§ **Aim of the exercise**:
Retyping the entries exactly is all that is required.

[Short descriptive text snippets]
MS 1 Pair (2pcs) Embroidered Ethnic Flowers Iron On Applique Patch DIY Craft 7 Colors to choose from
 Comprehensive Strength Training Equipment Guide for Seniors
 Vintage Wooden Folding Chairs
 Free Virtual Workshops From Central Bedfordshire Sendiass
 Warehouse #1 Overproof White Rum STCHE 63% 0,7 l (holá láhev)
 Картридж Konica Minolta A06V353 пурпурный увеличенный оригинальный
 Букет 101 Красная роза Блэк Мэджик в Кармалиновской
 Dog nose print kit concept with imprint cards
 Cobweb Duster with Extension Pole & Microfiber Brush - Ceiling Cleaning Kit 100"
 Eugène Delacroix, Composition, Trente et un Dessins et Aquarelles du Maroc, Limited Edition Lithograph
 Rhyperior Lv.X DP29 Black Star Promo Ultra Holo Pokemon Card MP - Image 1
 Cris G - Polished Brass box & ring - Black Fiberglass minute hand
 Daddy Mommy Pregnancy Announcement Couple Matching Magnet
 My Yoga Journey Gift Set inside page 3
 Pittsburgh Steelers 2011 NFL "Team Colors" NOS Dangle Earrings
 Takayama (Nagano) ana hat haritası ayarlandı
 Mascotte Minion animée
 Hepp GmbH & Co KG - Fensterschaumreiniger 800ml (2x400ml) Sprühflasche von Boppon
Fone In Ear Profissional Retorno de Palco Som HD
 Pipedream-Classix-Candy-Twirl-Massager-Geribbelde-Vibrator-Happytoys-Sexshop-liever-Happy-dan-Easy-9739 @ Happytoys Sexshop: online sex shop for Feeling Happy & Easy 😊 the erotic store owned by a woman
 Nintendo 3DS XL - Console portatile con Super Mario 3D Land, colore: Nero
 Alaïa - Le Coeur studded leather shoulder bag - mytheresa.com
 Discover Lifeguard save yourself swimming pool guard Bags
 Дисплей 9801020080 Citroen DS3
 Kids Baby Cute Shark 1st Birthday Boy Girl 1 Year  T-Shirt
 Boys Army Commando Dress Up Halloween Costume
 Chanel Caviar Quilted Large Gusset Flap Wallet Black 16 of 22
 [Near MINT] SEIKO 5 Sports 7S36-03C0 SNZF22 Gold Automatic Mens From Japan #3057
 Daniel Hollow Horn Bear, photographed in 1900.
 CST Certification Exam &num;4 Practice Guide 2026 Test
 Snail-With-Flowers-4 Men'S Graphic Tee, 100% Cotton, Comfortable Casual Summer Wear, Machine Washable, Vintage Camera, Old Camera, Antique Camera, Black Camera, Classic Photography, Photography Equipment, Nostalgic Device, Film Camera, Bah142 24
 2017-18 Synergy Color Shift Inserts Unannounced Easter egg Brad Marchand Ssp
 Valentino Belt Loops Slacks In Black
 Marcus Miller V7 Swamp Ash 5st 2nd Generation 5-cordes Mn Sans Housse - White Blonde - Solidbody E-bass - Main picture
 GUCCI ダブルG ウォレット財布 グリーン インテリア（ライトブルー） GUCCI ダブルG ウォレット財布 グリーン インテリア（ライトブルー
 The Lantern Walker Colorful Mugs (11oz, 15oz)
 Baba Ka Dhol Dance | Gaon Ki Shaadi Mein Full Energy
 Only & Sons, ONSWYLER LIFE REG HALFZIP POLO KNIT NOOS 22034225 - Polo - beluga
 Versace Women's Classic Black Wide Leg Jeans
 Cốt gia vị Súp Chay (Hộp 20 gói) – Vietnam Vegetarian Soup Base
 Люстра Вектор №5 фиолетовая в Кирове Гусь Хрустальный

§ **The answer**:
MS 1 Pair (2pcs) Embroidered Ethnic Flowers Iron On Applique Patch DIY Craft 7 Colors to choose from
 Comprehensive Strength Training Equipment Guide for Seniors
 Vintage Wooden Folding Chairs
 Free Virtual Workshops From Central Bedfordshire Sendiass
 Warehouse #1 Overproof White Rum STCHE 63% 0,7 l (holá láhev)
 Картридж Konica Minolta A06V353 пурпурный увеличенный оригинальный
 Букет 101 Красная роза Блэк Мэджик в Кармалиновской
 Dog nose print kit concept with imprint cards
 Cobweb Duster with Extension Pole & Microfiber Brush - Ceiling Cleaning Kit 100"
 Eugène Delacroix, Composition, Trente et un Dessins et Aquarelles du Maroc, Limited Edition Lithograph
 Rhyperior Lv.X DP29 Black Star Promo Ultra Holo Pokemon Card MP - Image 1
 Cris G - Polished Brass box & ring - Black Fiberglass minute hand
 Daddy Mommy Pregnancy Announcement Couple Matching Magnet
 My Yoga Journey Gift Set inside page 3
 Pittsburgh Steelers 2011 NFL "Team Colors" NOS Dangle Earrings
 Takayama (Nagano) ana hat haritası ayarlandı
 Mascotte Minion animée
 Hepp GmbH & Co KG - Fensterschaumreiniger 800ml (2x400ml) Sprühflasche von Boppon
Fone In Ear Profissional Retorno de Palco Som HD
 Pipedream-Classix-Candy-Twirl-Massager-Geribbelde-Vibrator-Happytoys-Sexshop-liever-Happy-dan-Easy-9739 @ Happytoys Sexshop: online sex shop for Feeling Happy & Easy 😊 the erotic store owned by a woman
 Nintendo 3DS XL - Console portatile con Super Mario 3D Land, colore: Nero
 Alaïa - Le Coeur studded leather shoulder bag - mytheresa.com
 Discover Lifeguard save yourself swimming pool guard Bags
 Дисплей 9801020080 Citroen DS3
 Kids Baby Cute Shark 1st Birthday Boy Girl 1 Year  T-Shirt
 Boys Army Commando Dress Up Halloween Costume
 Chanel Caviar Quilted Large Gusset Flap Wallet Black 16 of 22
 [Near MINT] SEIKO 5 Sports 7S36-03C0 SNZF22 Gold Automatic Mens From Japan #3057
 Daniel Hollow Horn Bear, photographed in 1900.
 CST Certification Exam &num;4 Practice Guide 2026 Test
 Snail-With-Flowers-4 Men'S Graphic Tee, 100% Cotton, Comfortable Casual Summer Wear, Machine Washable, Vintage Camera, Old Camera, Antique Camera, Black Camera, Classic Photography, Photography Equipment, Nostalgic Device, Film Camera, Bah142 24
 2017-18 Synergy Color Shift Inserts Unannounced Easter egg Brad Marchand Ssp
 Valentino Belt Loops Slacks In Black
 Marcus Miller V7 Swamp Ash 5st 2nd Generation 5-cordes Mn Sans Housse - White Blonde - Solidbody E-bass - Main picture
 GUCCI ダブルG ウォレット財布 グリーン インテリア（ライトブルー） GUCCI ダブルG ウォレット財布 グリーン インテリア（ライトブルー
 The Lantern Walker Colorful Mugs (11oz, 15oz)
 Baba Ka Dhol Dance | Gaon Ki Shaadi Mein Full Energy
 Only & Sons, ONSWYLER LIFE REG HALFZIP POLO KNIT NOOS 22034225 - Polo - beluga
 Versace Women's Classic Black Wide Leg Jeans
 Cốt gia vị Súp Chay (Hộp 20 gói) – Vietnam Vegetarian Soup Base
 Люстра Вектор №5 фиолетовая в Кирове Гусь Хрустальный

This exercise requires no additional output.